THE SEARCH FOR MR. ADEQUATE
Part XI
By SUSAN SILVER


Where to start? Well, first I guess I should say that this may be a tad sentimental and not the biting, witty, drop dead funny stuff you are used to from me. But that’s okay. Because it is the Holiday Season and in between decking the Halls and anyone who bothers us, we Newyorksocialdiary types can explore the softer side of our natures from time to time and not be ashamed. And besides ... if you think you are going to be the only ones who do not hear the minute details of this trip to Heaven, you are sadly mistaken. At least you can read it once and then move on. My intimate friends will be hearing it ad infinitum with cooing sounds and pouty lipped expressions in addition to the annoying little baby voice!

Have a cup of eggnog, you sophisticates, and just go with it, okay? You know you have feelings! And more about that later, but first ...

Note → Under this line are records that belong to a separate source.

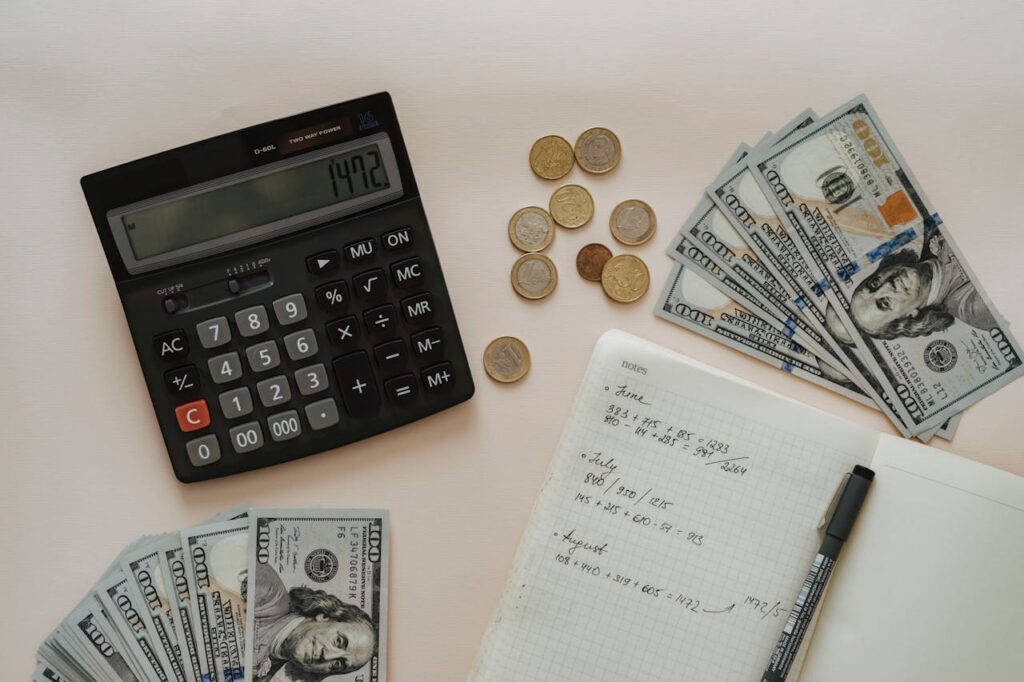 Black Calculator beside Coins and Notebook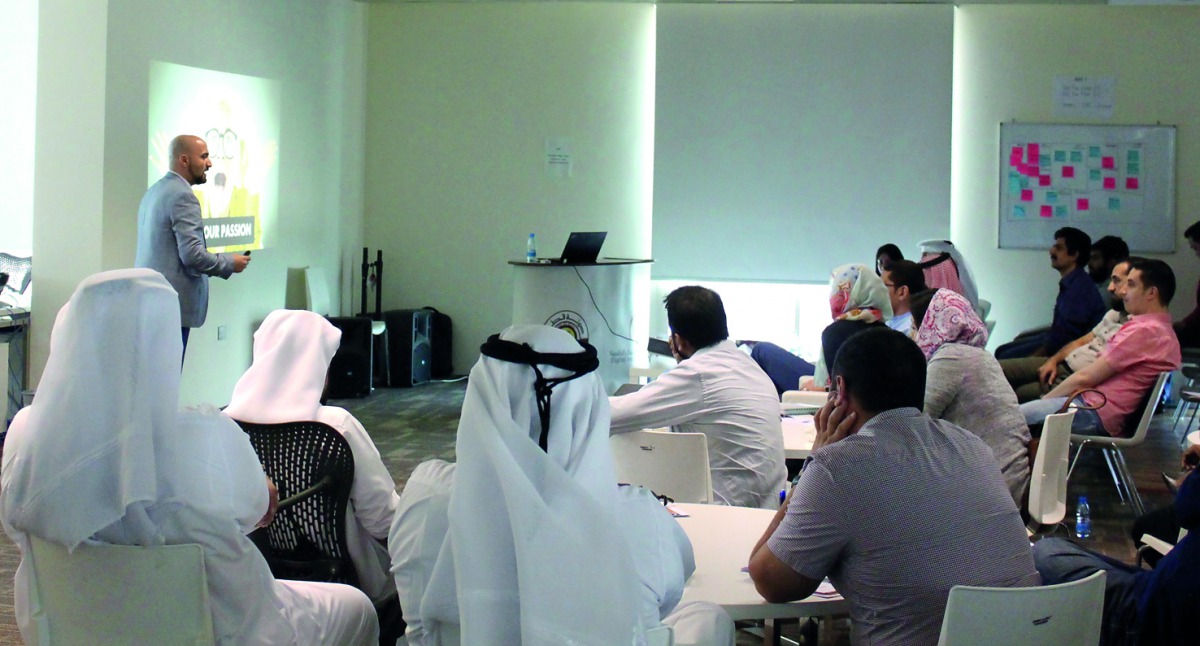 Attendees listening to a speaker during a workshop.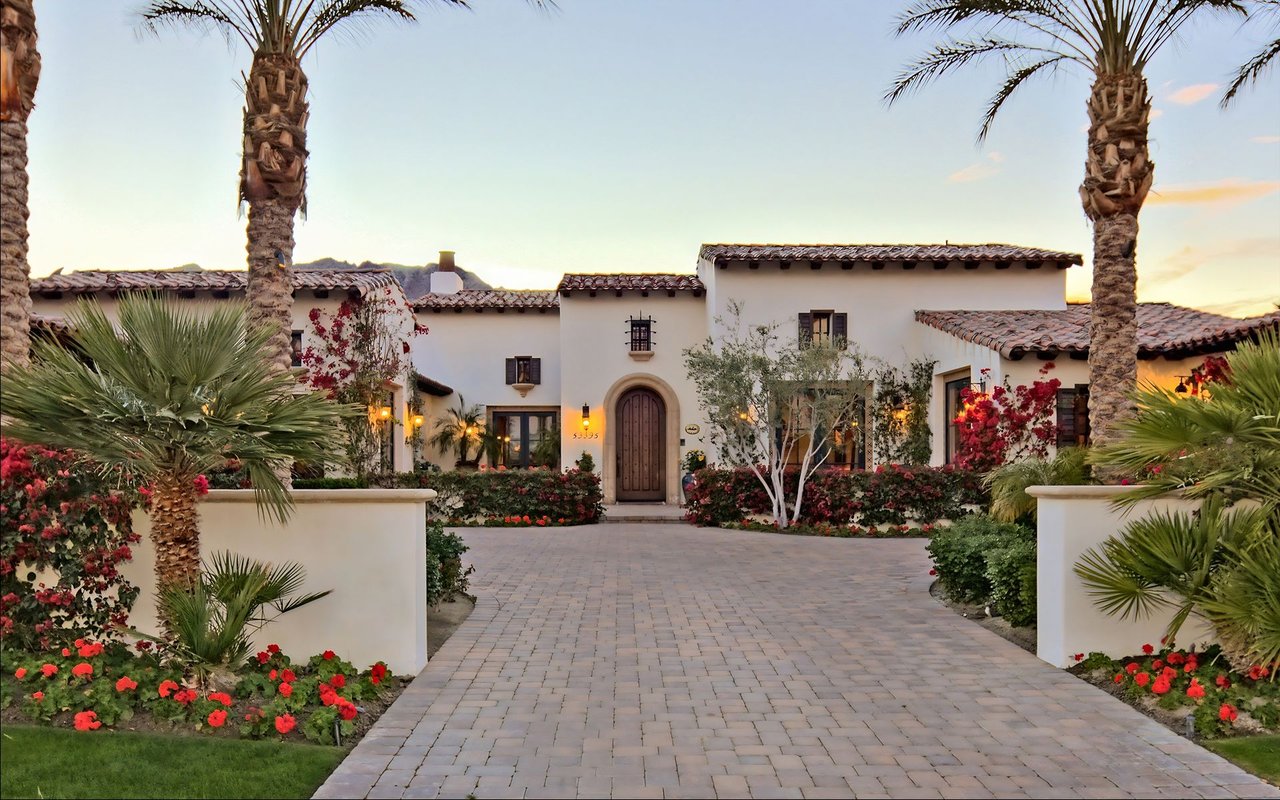 Spanish-style stucco home framed by palm trees, with a paved courtyard and flowering landscaping.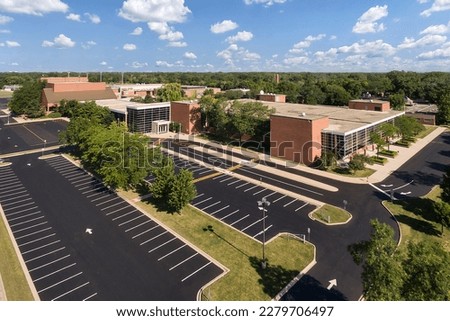 Aerial view of a high school with parking lot in a suburban setting in Northbrook, IL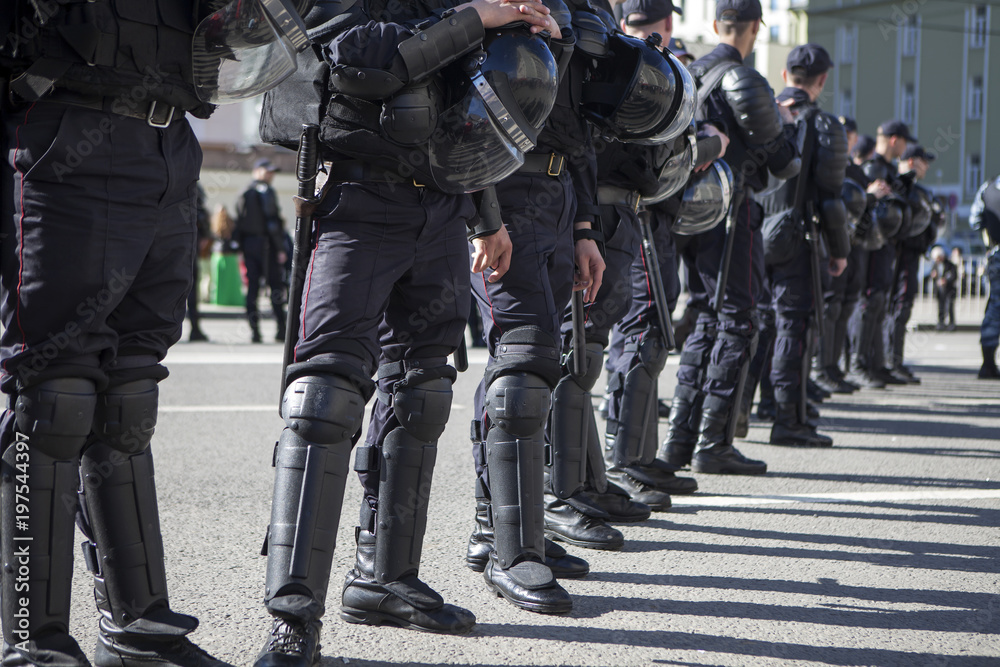 Russian policemen stand in a row, blocking the way to the metro Russian policemen stand in a row, blocking the way to the metro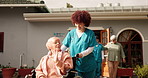 Woman, nurse and wheelchair with senior patient in retirement home for assisted living or help. Female people, caregiver and walking elderly person with a disability for healthcare at old age center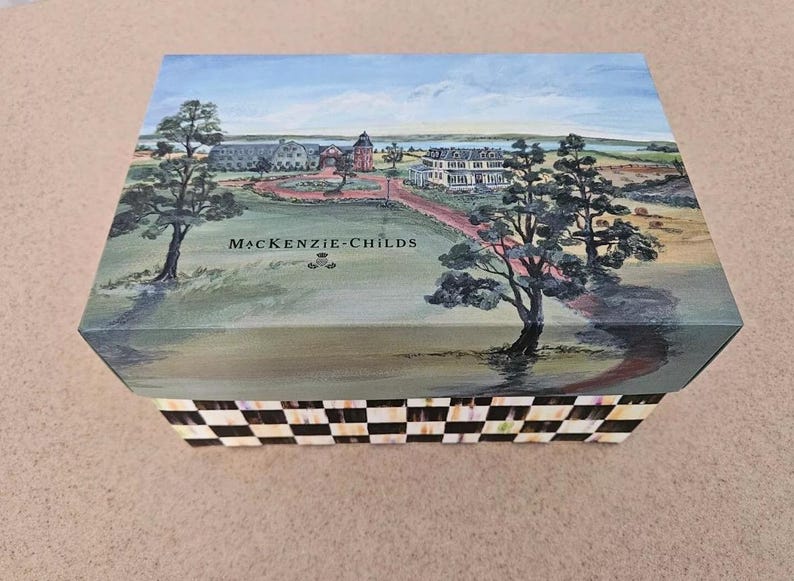 Op de afbeelding: Rechthoekige decoratieve doos met een geschilderde landschapssc&egrave;ne op het deksel. De sc&egrave;ne toont gebouwen, bomen en een pad, met de tekst "MacKenzie-Childs" op de voorkant. De zijkanten van de doos hebben een zwart-wit geblokt patroon.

So, I went to stay with the Cousin from the Midwest who has three great grown children and seven, count ‘em, seven of the most beautiful and dear grandkids. And one ... you know him as Ben on the bike (which for some inexplicable reason was pink, but anyway ...) from Diary Seven, has captured my heart and my wallet which ... okay okay, is one of the ways to capture his heart! I take no chances.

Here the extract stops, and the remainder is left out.